== What the exercise asks ==
In the copy, every line of the material that follows must appear exactly, and no pictures should.

== Data block ==
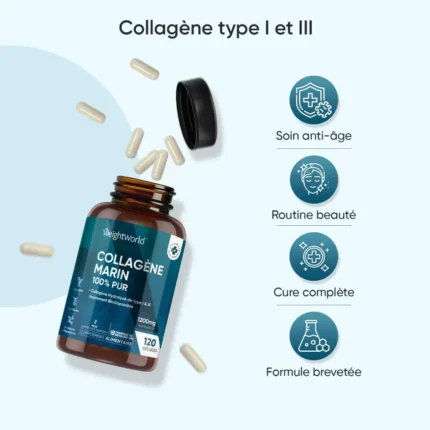 Collagène Marin 100% Pur - 1200mg - 120 Gélules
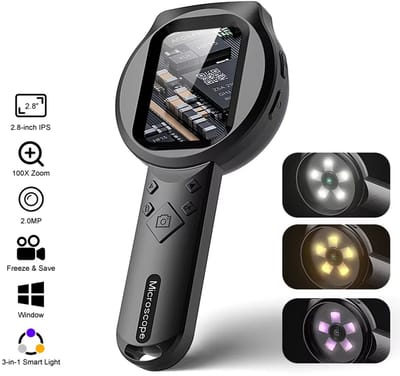 Digitaal Vergrootglas met Scherm 2.8″ IPS 1080P – Handheld Digitale Microscoop 100x voor Elektronica Reparatie & Sieraden Inspectie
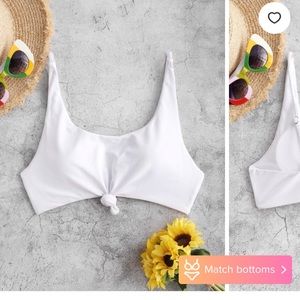 Zaful Knotted Scoop Neck Pull Over Bikini Top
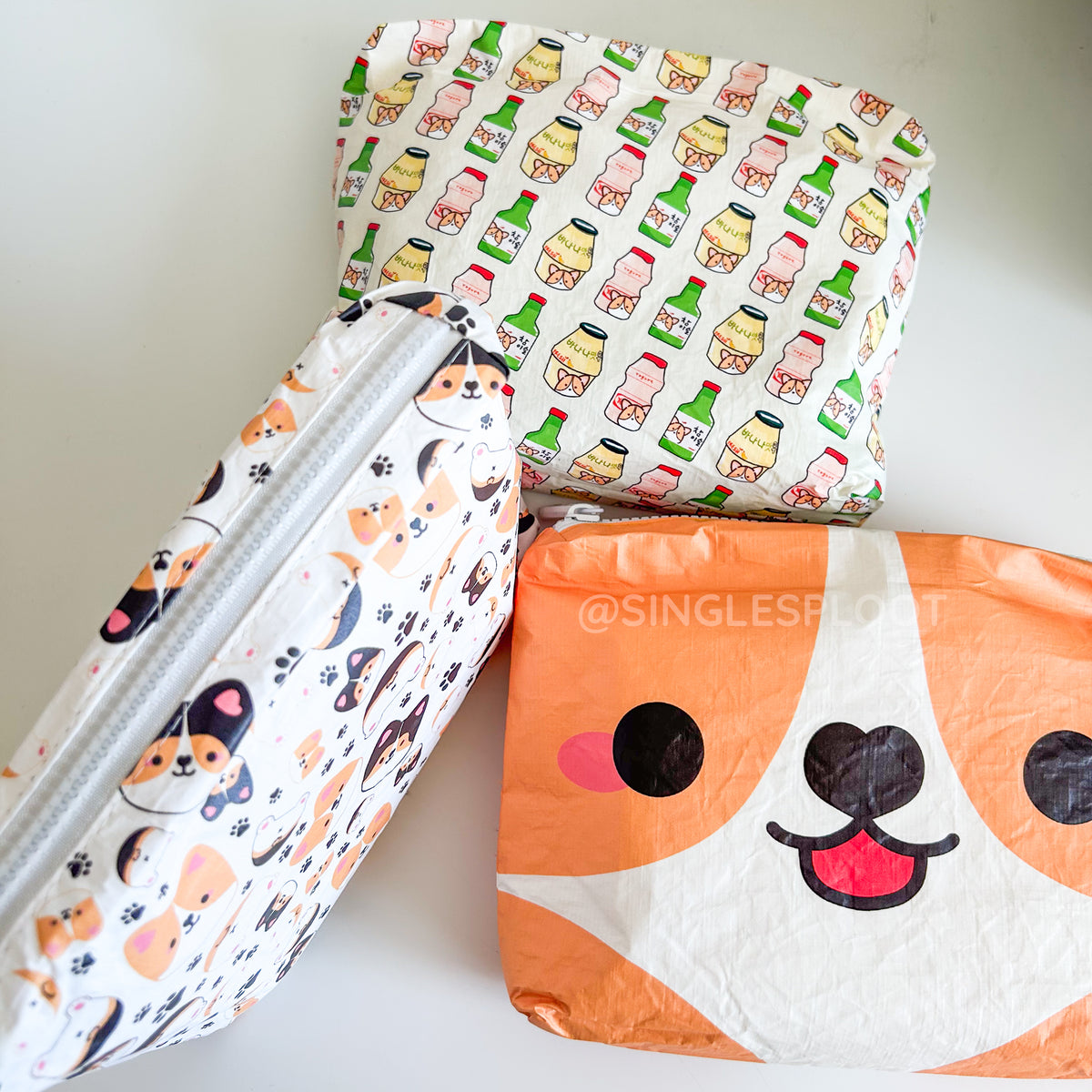 Red and Tri Corgi Faces Water Resistant Pouch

== The completed task ==
 Collagène Marin 100% Pur - 1200mg - 120 Gélules
 Digitaal Vergrootglas met Scherm 2.8″ IPS 1080P – Handheld Digitale Microscoop 100x voor Elektronica Reparatie & Sieraden Inspectie
 Zaful Knotted Scoop Neck Pull Over Bikini Top
 Red and Tri Corgi Faces Water Resistant Pouch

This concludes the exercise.